The `tf.distribute.Strategy` APIs provide you an abstraction of distributed training progresses across multiple data preprocessing pipelines. In this tutorial, you are going to use the `tf.distribute.MirroredStrategy` APIs which do in-depth replications with synchronous training on multiple GPUs on one machine. **It copies all of the model's variables to each accelerator. Then it combines the gradients from them and applies the combined value to all copies of the model.** 

In this tutorial, you are going to use the FASHION_MNIST dataset and `tf2.keras` APIs to build a distributed training scenario.

In [0]:
!pip install -q tf-nightly

In [28]:
import tensorflow as tf
import tensorflow_datasets as tfds
from tensorflow.python.client import device_lib
import os

print("Tensorflow Version: {}".format(tf.__version__))
print("Eager Mode: {}".format(tf.executing_eagerly()))
print("GPU {} available.".format("is" if tf.config.experimental.list_physical_devices("GPU") else "not"))
print("Devices: {}".format(device_lib.list_local_devices()))

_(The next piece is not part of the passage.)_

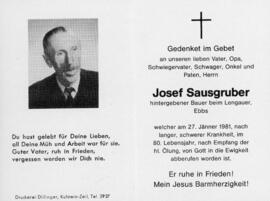 Josef Sausgruber Lengauer 199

Tensorflow Version: 2.2.0-dev20200119
Eager Mode: True
GPU is available.
Devices: [name: "/device:CPU:0"
device_type: "CPU"
memory_limit: 268435456
locality {
}
incarnation: 2933834386269868962
, name: "/device:XLA_CPU:0"
device_type: "XLA_CPU"
memory_limit: 17179869184
locality {
}
incarnation: 2173686386421350107
physical_device_desc: "device: XLA_CPU device"
, name: "/device:XLA_GPU:0"
device_type: "XLA_GPU"
memory_limit: 17179869184
locality {
}
incarnation: 14877219504377459244
physical_device_desc: "device: XLA_GPU device"
, name: "/device:GPU:0"
device_type: "GPU"
memory_limit: 15956161332
locality {
  bus_id: 1
  links {
  }
}
incarnation: 18018003714542427558
physical_device_desc: "device: 0, name: Tesla P100-PCIE-16GB, pci bus id: 0000:00:04.0, compute capability: 6.0"
]


# Data Preprocessing

In [0]:
datasets, info = tfds.load(name='fashion_mnist', with_info=True, as_supervised=True)

In [12]:
info

tfds.core.DatasetInfo(
    name='fashion_mnist',
    version=1.0.0,
    description='Fashion-MNIST is a dataset of Zalando's article images consisting of a training set of 60,000 examples and a test set of 10,000 examples. Each example is a 28x28 grayscale image, associated with a label from 10 classes.',
    homepage='https://github.com/zalandoresearch/fashion-mnist',
    features=FeaturesDict({
        'image': Image(shape=(28, 28, 1), dtype=tf.uint8),
        'label': ClassLabel(shape=(), dtype=tf.int64, num_classes=10),
    }),
    total_num_examples=70000,
    splits={
        'test': 10000,
        'train': 60000,
    },
    supervised_keys=('image', 'label'),
    citation="""@article{DBLP:journals/corr/abs-1708-07747,
      author    = {Han Xiao and
                   Kashif Rasul and
                   Roland Vollgraf},
      title     = {Fashion-MNIST: a Novel Image Dataset for Benchmarking Machine Learning
                   Algorithms},
      journal   = {CoRR},
      volume

In [0]:
mnist_train, mnist_test = datasets["train"], datasets["test"]

In [14]:
for _img, _label in mnist_train.take(1):
  print(_img.shape, _label.numpy())

(28, 28, 1) 3


# Define the Distributed Strategy

Create a `MirrorStrategy` object which can handle distribution and provide a context manager (`tf.distribute.MirroredStrategy.scope`) to build your model inside.

In [15]:
strategy = tf.distribute.MirroredStrategy()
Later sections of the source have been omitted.